The app also incorporates a minimal-but-effective version of Lightroom’s adjustment sync between photos (such as when you want to apply the same settings to multiple similar shots). Start at your reference image, then move to the photo you want to edit and tap the Previous button at the bottom of the screen to apply either all adjustments or basic tones from that first image.
Despite Lightroom mobile’s editing features, it’s important to keep in mind that the iPad isn’t a color-managed device. If your projects rely on a high degree of color accuracy, you’ll want to do your finishing work in Lightroom desktop using color-calibrated equipment. For most people, I don’t anticipate this to be a problem, but some pros require finer precision that the iPad can’t provide.

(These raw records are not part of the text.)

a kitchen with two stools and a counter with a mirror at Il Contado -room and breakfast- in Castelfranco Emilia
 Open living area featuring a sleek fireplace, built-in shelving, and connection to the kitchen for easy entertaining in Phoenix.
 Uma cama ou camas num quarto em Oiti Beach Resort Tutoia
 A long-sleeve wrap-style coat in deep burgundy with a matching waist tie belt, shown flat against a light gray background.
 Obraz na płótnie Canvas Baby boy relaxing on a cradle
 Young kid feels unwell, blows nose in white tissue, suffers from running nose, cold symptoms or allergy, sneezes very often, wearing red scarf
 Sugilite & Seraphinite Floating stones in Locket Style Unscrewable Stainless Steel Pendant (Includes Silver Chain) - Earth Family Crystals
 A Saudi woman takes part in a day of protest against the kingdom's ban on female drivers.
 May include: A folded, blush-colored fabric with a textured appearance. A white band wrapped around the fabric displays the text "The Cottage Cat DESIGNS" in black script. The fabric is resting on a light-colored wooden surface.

One editing area Lightroom mobile is currently lacking is user-specified metadata. You can flag a photo as a Pick or a Reject (or leave it unflagged), but that’s it. Titles, captions, keywords, ratings, and color labels must be handled in Lightroom desktop.
Sharing with the world
Lightroom mobile can share images via any of iOS’s core services, including Messages, Mail, Twitter, Facebook, Flickr, and AirDrop. A slideshow feature is also built-in, which turns the app into a spontaneous portfolio.
Adobe is also introducing Lightroom Web View, which makes your synced collection available on the Web. The implementation is pretty bare-bones, offering only the ability to view photos or play slideshows, but it’s an easy way to share a group of photos without exporting and publishing them online via a social service like Flickr or 500px.
Disclaimer: Before Macworld asked me to write this article, I provided a quote for the Lightroom mobile press release. To avoid any appearance of a conflict of interest, this article is strictly a first look at the software, and not a review.